__Records provided__
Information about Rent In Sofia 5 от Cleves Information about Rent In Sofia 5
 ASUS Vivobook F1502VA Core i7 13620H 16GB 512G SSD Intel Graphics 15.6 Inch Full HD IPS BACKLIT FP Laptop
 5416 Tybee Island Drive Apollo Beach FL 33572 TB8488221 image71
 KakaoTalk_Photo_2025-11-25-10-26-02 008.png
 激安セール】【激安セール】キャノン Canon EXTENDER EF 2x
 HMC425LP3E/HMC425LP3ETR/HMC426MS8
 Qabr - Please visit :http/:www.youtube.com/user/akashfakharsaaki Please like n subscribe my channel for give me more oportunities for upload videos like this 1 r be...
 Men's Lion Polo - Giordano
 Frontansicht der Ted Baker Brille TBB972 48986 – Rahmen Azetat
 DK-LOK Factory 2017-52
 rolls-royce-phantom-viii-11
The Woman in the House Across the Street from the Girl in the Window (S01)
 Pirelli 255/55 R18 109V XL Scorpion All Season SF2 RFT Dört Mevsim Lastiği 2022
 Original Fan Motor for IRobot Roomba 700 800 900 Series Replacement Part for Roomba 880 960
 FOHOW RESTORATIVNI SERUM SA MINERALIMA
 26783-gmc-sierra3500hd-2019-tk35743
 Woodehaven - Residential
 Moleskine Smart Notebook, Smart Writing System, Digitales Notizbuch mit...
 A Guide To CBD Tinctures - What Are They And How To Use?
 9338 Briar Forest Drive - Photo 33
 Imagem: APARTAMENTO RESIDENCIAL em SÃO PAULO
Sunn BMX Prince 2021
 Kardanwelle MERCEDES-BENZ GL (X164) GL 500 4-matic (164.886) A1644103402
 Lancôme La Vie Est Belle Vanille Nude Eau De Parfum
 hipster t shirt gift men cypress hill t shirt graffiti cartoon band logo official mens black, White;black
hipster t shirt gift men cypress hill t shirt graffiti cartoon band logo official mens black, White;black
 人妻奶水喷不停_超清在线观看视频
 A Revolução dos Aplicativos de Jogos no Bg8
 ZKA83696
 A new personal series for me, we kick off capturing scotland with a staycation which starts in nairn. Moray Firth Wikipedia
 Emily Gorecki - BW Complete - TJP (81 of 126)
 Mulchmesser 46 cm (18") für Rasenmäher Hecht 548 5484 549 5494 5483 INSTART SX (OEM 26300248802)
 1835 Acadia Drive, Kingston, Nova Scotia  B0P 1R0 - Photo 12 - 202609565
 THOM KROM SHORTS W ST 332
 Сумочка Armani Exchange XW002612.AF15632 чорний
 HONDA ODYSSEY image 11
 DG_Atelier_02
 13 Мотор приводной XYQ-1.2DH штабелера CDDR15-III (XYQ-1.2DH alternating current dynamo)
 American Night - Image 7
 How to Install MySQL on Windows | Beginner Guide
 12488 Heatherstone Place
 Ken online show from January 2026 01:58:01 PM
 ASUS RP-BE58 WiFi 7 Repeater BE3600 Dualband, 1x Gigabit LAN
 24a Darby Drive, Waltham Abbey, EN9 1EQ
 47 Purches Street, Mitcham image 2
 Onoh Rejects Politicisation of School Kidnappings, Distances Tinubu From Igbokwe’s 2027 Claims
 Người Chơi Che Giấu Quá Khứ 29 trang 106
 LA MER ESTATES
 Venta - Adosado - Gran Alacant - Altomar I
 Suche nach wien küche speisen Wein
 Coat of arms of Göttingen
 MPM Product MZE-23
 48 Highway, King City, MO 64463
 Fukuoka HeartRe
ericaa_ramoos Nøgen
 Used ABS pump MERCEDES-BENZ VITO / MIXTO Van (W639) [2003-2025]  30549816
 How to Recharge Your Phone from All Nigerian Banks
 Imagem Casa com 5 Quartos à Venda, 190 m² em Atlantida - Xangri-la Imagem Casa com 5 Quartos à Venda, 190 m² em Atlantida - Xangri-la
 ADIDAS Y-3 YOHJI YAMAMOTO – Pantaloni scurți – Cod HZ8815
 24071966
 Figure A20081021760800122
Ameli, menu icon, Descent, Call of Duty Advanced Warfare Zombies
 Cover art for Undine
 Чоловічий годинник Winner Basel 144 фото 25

__What to do__
Scan the preceding listing for the string "shirt" and copy every line where it occurs.

__Response area__
 hipster t shirt gift men cypress hill t shirt graffiti cartoon band logo official mens black, White;black
hipster t shirt gift men cypress hill t shirt graffiti cartoon band logo official mens black, White;black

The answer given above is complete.